Andrew Sullivan wise suggestion (091104 16:48)

"I think you're right that it'd be nice to put together a set of guidelines for what people ought to do when operating IDNA-aware zones. There are several sets of considerations that need to be taken into account, and such advice ought indeed to be offered."

"The IDNABIS WG is not the forum that should generate that advice: hardly anybody here is a DNS operator. I in fact previously offered (in a fit of insanity) to put together a -00 draft outlining such advice. I think it should probably be taken to DNSOP to see if there's any interest. But the response to me (one with which I have considerable sympathy) was that it'd be crazy to try to produce operational suggestions for a protocol that hasn't made it out of the IETF's process yet."

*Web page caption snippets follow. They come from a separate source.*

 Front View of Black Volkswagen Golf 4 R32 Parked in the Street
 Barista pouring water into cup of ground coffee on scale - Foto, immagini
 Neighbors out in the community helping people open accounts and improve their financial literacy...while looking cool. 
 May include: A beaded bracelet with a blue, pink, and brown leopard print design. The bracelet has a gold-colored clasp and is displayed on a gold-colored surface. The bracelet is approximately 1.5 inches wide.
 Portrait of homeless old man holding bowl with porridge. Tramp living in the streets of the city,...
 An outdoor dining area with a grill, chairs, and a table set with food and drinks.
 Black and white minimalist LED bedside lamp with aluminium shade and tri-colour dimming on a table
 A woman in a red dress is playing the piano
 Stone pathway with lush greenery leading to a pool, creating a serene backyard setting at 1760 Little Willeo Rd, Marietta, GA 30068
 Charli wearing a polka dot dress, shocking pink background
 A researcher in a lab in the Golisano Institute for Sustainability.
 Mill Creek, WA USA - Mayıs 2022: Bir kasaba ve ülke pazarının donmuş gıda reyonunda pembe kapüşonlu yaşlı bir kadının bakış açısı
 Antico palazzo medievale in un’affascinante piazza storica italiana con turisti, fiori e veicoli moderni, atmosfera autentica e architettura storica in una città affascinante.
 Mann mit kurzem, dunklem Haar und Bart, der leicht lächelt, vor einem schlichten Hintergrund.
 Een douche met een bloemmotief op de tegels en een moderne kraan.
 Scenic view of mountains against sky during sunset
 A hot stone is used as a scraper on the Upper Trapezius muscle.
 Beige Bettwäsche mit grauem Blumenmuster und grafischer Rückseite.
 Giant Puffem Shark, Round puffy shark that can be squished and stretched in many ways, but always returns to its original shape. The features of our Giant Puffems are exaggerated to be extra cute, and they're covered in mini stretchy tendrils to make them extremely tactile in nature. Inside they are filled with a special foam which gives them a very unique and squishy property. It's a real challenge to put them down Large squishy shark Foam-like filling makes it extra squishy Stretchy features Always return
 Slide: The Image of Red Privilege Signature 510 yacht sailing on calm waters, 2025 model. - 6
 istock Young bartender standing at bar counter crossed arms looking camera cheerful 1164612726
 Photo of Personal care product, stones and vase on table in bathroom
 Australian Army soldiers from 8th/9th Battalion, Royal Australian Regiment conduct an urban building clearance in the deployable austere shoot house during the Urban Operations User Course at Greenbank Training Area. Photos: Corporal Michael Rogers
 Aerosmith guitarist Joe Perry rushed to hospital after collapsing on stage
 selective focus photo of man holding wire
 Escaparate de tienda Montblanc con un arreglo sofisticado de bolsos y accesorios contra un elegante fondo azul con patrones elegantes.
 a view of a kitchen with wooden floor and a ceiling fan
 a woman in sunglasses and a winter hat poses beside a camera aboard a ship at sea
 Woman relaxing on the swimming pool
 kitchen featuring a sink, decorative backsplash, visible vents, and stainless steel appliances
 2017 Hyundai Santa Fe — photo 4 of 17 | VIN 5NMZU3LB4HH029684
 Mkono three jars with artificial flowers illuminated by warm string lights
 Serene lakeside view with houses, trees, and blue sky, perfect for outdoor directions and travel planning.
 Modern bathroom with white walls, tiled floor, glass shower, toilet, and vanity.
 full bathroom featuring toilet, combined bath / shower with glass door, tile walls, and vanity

Inter-label/Cross-label testing - Vint Cerf: 091104 11:11

the question of inter-label or cross-label testing was extensively discussed on the WG list and rejected as overly complex at the protocol level. As with a number of cases, the WG concluded that the registry or registrar had to be cognizant of this kind of anomaly and reject problematic registration requests.


Is there a DYN DNS related issue?

  • John Klensin 20091025: If dynamic update is configured to require that an RRSET (from the viewpoint of IDNA, a label) is already present, then one has a lookup situation. If it is configured for the "RRSET does not exist" or "Name not in use" cases, then one has a registration situation. That said, my personal recommendation would be to use the more conservative Registration rules any time one is going to start modifying DNS zones rather than simply looking something up. But the WG has not discussed this topic. If people are convinced that something must be said on the subject, we will need to have that discussion.
  • Bernard Adoba 20091026 I do think that something needs to be said about this, since the issue has come up in implementation. For example, based on the distinction above, a client handling a dynamic update on its own using TKEY would implement the lookup protocol, whereas a DHCP server handling a dynamic update on behalf of the client might implement the registration protocol.
  • Vint Cerf 20091026: another alternative would be for you to issue an informational RFC about interpretation of IDNA 2008 in light of DYN DNS, would it not?


Bidi related issues

(under preparation, specialised content welcome).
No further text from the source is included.